Tidak hanya itu, Edi pun mengungkapkan jika anak-anak yang bersekolah tidak dipungut biaya sepeserpun. Namun, mereka diminta untuk membayar sekolah dengan sampah. Cara itu dilakukan katanya untuk menumbuhkan kesadaran bahwa sampah memiliki manfaat ekonomis dan bisa membiayai sekolah.
"Alasan bayar pakai sampah, pertama, tidak tega menarik bayaran ke mereka. Karena orang tuanya banyak yang tidak mampu," katanya. Pembayaran memakai sampah pun diharapkan membuat anak lebih bijak mengelola sampah yang berujung bisa menjaga lingkungan.
Meski begitu, hasil uang dari sampah-sampah yang dikumpulkan belum bisa menutupi operasional sekolah atau jauh dari cukup. Ia pun bersama guru yang lain menyisihkan uang dari hasil berdagang untuk kepentingan sekolah.
"Saya jual air mineral dan buah potong dititip di warung tetangga. Kawan berjualan pisang coklat (piscok) dirumahnya yang jual istrinya," ungkapnya. Ia pun bercerita jika sedang mujur, terdapat pihak yang mengundangnya untuk menjadi narasumber pelatihan menulis. Dananya disisihkan untuk keperluan sekolah.
Tidak hanya itu, kadangkala, Edi mengaku terdapat orang yang memberikan donasi untuk biaya ongkos siswa ke sekolah Induk di Kota Cimahi. Menurutnya, sebulan dua kali para siswa harus bersekolah ke sekolah Induk. Sebelas siswa tersebut katanya membutuhkan biaya Rp 220 ribu untuk sekali berangkat.
Bagi para guru yang mengajar di Sekolah Insan Litera termasuk dirinya mengaku tidak digaji atau dibayar. "Semuanya dapat bayaran unlimited dari Allah SWT," ujarnya tersenyum. Ia yang menetap di Cimahi mengaku pulang pergi ke Cililin tiap Senin hingga Jumat. Edi mengaku ingin fokus membangun sekolah.

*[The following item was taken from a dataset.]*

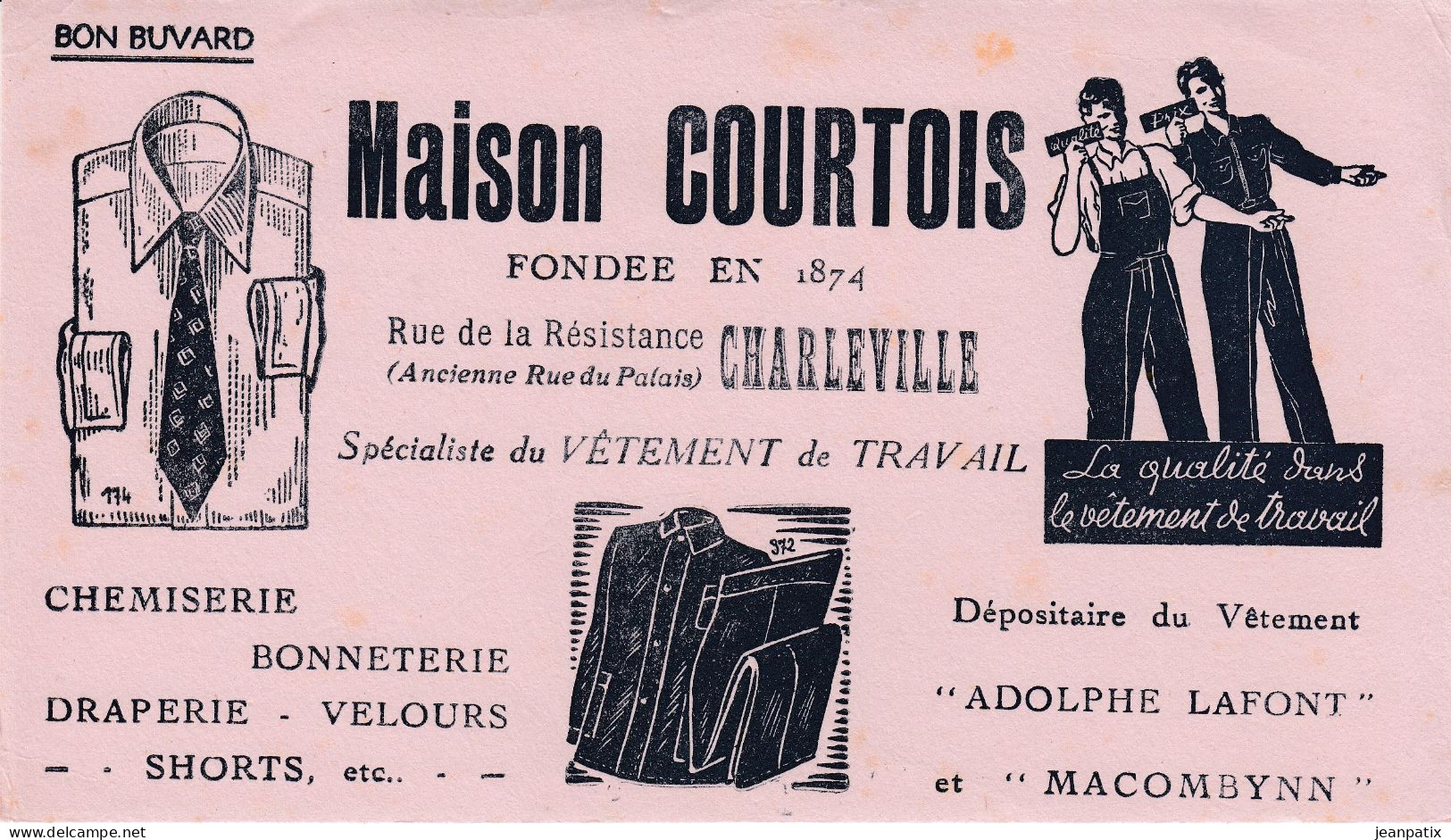 Buvard - Blotter - Maison COURTOIS - Chemiserie - Bonneterie - Rue De La Résistance Charleville (Ardenne) - Autres & Non Classés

Lelaki yang sudah mengajar 11 tahun diberbagai sekolah ini mengaku tidak merasa berat harus mengajar tanpa dibayar. Bahkan harus mengeluarkan kocek untuk menutupi operasional sekolah. Soal rezeki bagi Edi sudah ada yang mengatur, ia pun memilih untuk bertawakal dan percaya kepada pemberi rezeki, Allah SWT.
"Alhamdulillah, jualan saya selalu lancar dan habis saja. Itu yang harus disyukuri. Kita pun jangan leha-leha menjemput rezeki," katanya.
Jika terdapat sekolah atau lembaga yang meminta dirinya menjadi narasumber literasi, ia mengaku selalu menyanggupi undangan tersebut dan berdoa agar bisa memenuhi undangan pada waktunya. "Kan abis jadi pemateri pasti diongkosin," ujarnya sambil tertawa.